Find the string "sunlight" in the records. Copy each line that has it.

(Scraped caption text data)
[Start of Attachment]
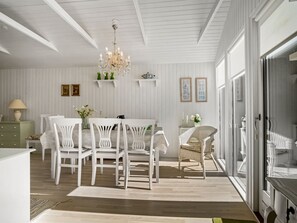 Ein Essbereich mit einer Chandelüster, weißen Stühlen, einem Tisch und einem Korbstuhl.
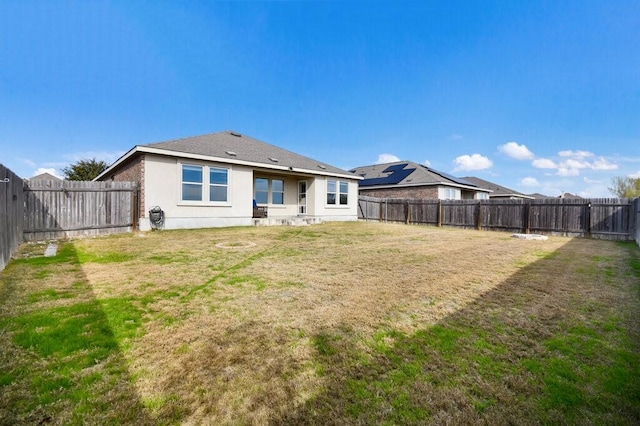 rear view of house with a yard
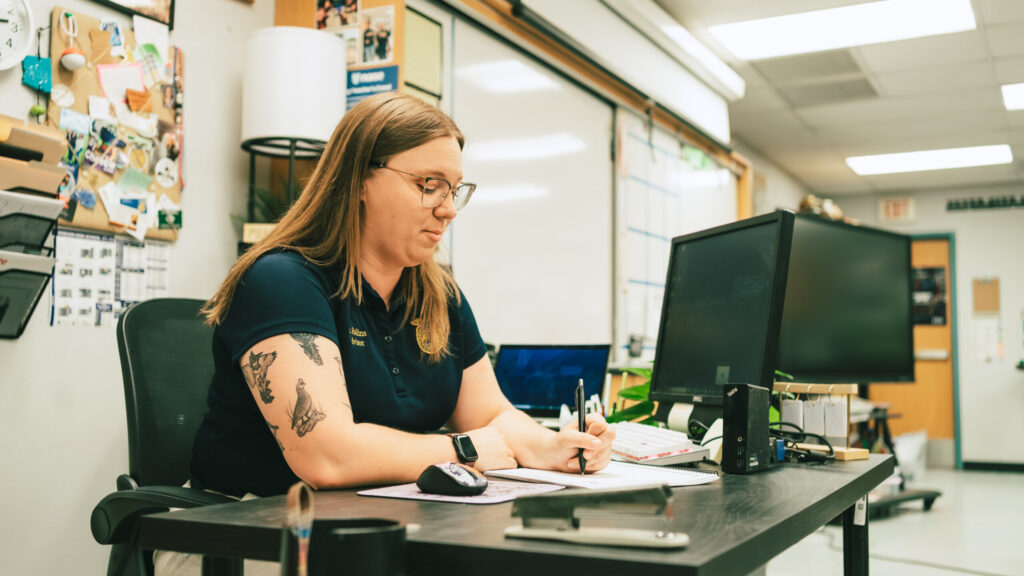 Student working at computer in classroom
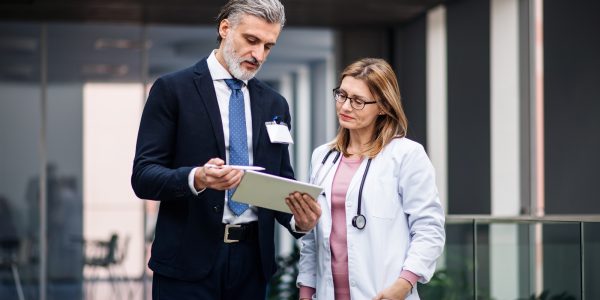 Pharmaceutical sales representative with tablet talking to doctor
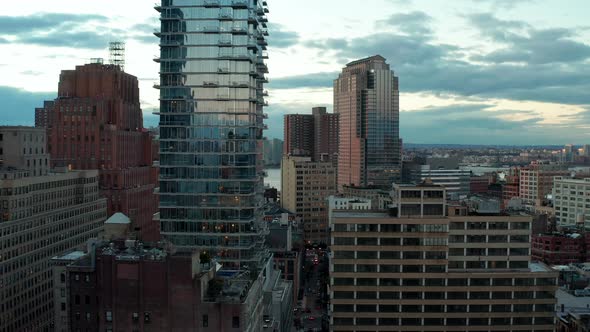 Descending Aerial Footage of High Rise Buildings in City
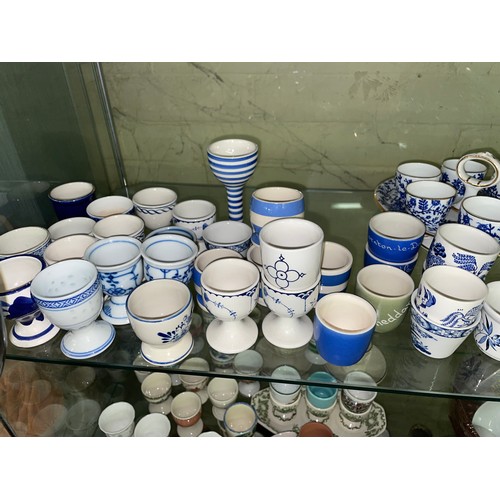 203 - SHELF OF BLUE AND WHITE CORNISH AND WILLOW PATTERN EGG CUPS AND CRUET, MASONS SPODE, POOLE, AND WEDG... 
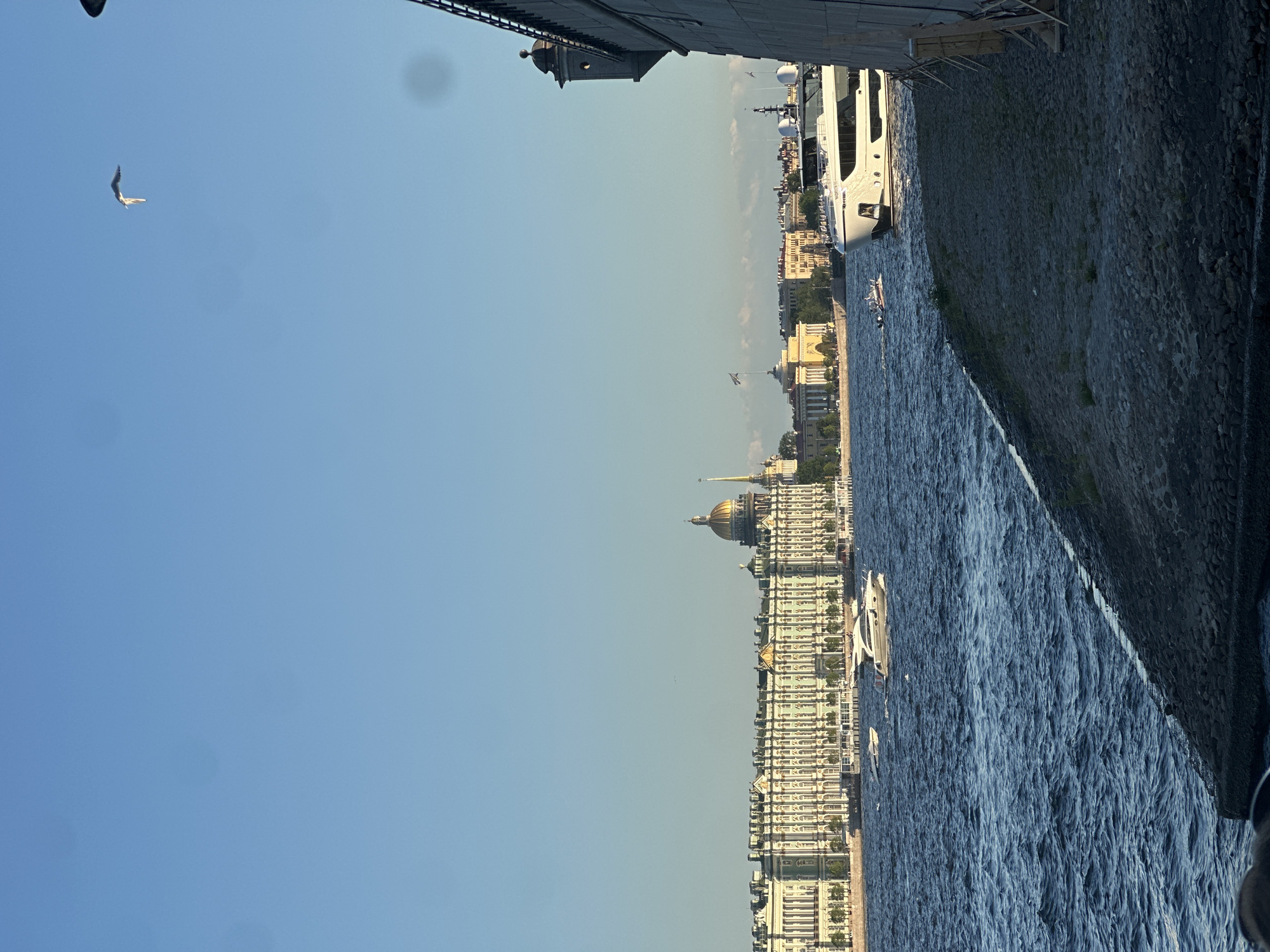 This image depicts a panoramic view of the Neva River in Saint Petersburg, Russia, featuring prominent architectural landmarks and maritime activity.
In the background, dominating the left side of the frame, is the iconic Winter Palace, home to the Hermitage Museum. It is a long, multi-story building characterized by its pale green and white facade, numerous arched windows, and decorative classical elements. Behind it, a distinctive golden dome (likely Saint Isaac's Cathedral) and a very tall, slender golden spire (likely the Admiralty building) are visible against the clear sky. Further to the right, across the river, several yellow neoclassical buildings with flags can be seen, establishing the cityscape along the embankment.
The midground is occupied by the dark blue, choppy waters of the Neva River, reflecting the sunlight in various ripples. Several boats are present: a large, modern white motor yacht, partially obscured by the foreground wall, is prominently featured on the right. Its name "WASHINGTON" is partially visible on its bow. Another similar white motor yacht is moving further left, creating a slight wake. A smaller, dark-hulled speed boat with several indistinct figures aboard is also in motion on the water.
The foreground consists of a dark, textured stone embankment or wall, composed of irregular grey stones. On the upper right, a dark, small turretted structure, possibly part of a fortress or bridge support, protrudes from the wall. Towards the bottom right, several wooden planks or supports are propped against the embankment.
The sky above is a clear, bright blue with no visible clouds. A single white bird, likely a seagull, is captured in flight in the upper right quadrant, its underside illuminated by the sun. Several soft, circular dark smudges or lens flares are visible in the upper and middle portions of the sky. The overall lighting suggests late afternoon or early evening, with warm sunlight illuminating the buildings and the bird.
[End of Attachment]
◆ **Response area**
The midground is occupied by the dark blue, choppy waters of the Neva River, reflecting the sunlight in various ripples. Several boats are present: a large, modern white motor yacht, partially obscured by the foreground wall, is prominently featured on the right. Its name "WASHINGTON" is partially visible on its bow. Another similar white motor yacht is moving further left, creating a slight wake. A smaller, dark-hulled speed boat with several indistinct figures aboard is also in motion on the water.
The sky above is a clear, bright blue with no visible clouds. A single white bird, likely a seagull, is captured in flight in the upper right quadrant, its underside illuminated by the sun. Several soft, circular dark smudges or lens flares are visible in the upper and middle portions of the sky. The overall lighting suggests late afternoon or early evening, with warm sunlight illuminating the buildings and the bird.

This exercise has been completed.